┌─ Records supplied

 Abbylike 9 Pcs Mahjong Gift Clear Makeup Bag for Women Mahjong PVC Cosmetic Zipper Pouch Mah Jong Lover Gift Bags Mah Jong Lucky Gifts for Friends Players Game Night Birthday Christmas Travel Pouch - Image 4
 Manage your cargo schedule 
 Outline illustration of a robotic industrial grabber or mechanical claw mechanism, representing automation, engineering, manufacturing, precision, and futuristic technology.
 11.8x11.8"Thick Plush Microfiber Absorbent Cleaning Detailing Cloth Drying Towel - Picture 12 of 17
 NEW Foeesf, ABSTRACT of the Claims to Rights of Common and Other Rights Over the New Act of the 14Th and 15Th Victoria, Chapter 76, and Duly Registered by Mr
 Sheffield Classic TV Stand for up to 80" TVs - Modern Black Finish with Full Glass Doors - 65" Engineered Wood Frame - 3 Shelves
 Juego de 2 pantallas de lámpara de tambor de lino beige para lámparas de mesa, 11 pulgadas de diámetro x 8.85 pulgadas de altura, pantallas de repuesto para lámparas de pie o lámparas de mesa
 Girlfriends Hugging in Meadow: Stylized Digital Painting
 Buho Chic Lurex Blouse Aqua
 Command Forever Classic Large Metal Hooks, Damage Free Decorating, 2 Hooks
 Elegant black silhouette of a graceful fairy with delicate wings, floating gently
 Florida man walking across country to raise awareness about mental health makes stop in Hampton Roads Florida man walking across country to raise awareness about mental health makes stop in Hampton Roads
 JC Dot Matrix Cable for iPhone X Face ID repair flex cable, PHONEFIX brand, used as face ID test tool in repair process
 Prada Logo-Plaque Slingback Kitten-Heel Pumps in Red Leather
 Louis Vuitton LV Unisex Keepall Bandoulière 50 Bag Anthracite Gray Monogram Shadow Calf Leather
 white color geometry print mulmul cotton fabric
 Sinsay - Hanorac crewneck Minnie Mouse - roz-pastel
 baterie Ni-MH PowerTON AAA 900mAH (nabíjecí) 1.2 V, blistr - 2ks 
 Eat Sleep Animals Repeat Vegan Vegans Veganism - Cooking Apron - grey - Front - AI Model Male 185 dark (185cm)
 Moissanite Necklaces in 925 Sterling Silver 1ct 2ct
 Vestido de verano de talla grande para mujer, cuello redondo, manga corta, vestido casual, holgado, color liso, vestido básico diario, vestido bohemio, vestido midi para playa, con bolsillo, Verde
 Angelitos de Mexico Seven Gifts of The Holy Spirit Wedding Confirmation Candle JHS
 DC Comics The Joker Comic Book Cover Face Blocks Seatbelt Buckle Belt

└─

### Work item
Quote every line from the beginning of the entries up to and including the line that contains "Outline illustration of".

### Result for this task
 Abbylike 9 Pcs Mahjong Gift Clear Makeup Bag for Women Mahjong PVC Cosmetic Zipper Pouch Mah Jong Lover Gift Bags Mah Jong Lucky Gifts for Friends Players Game Night Birthday Christmas Travel Pouch - Image 4
 Manage your cargo schedule 
 Outline illustration of a robotic industrial grabber or mechanical claw mechanism, representing automation, engineering, manufacturing, precision, and futuristic technology.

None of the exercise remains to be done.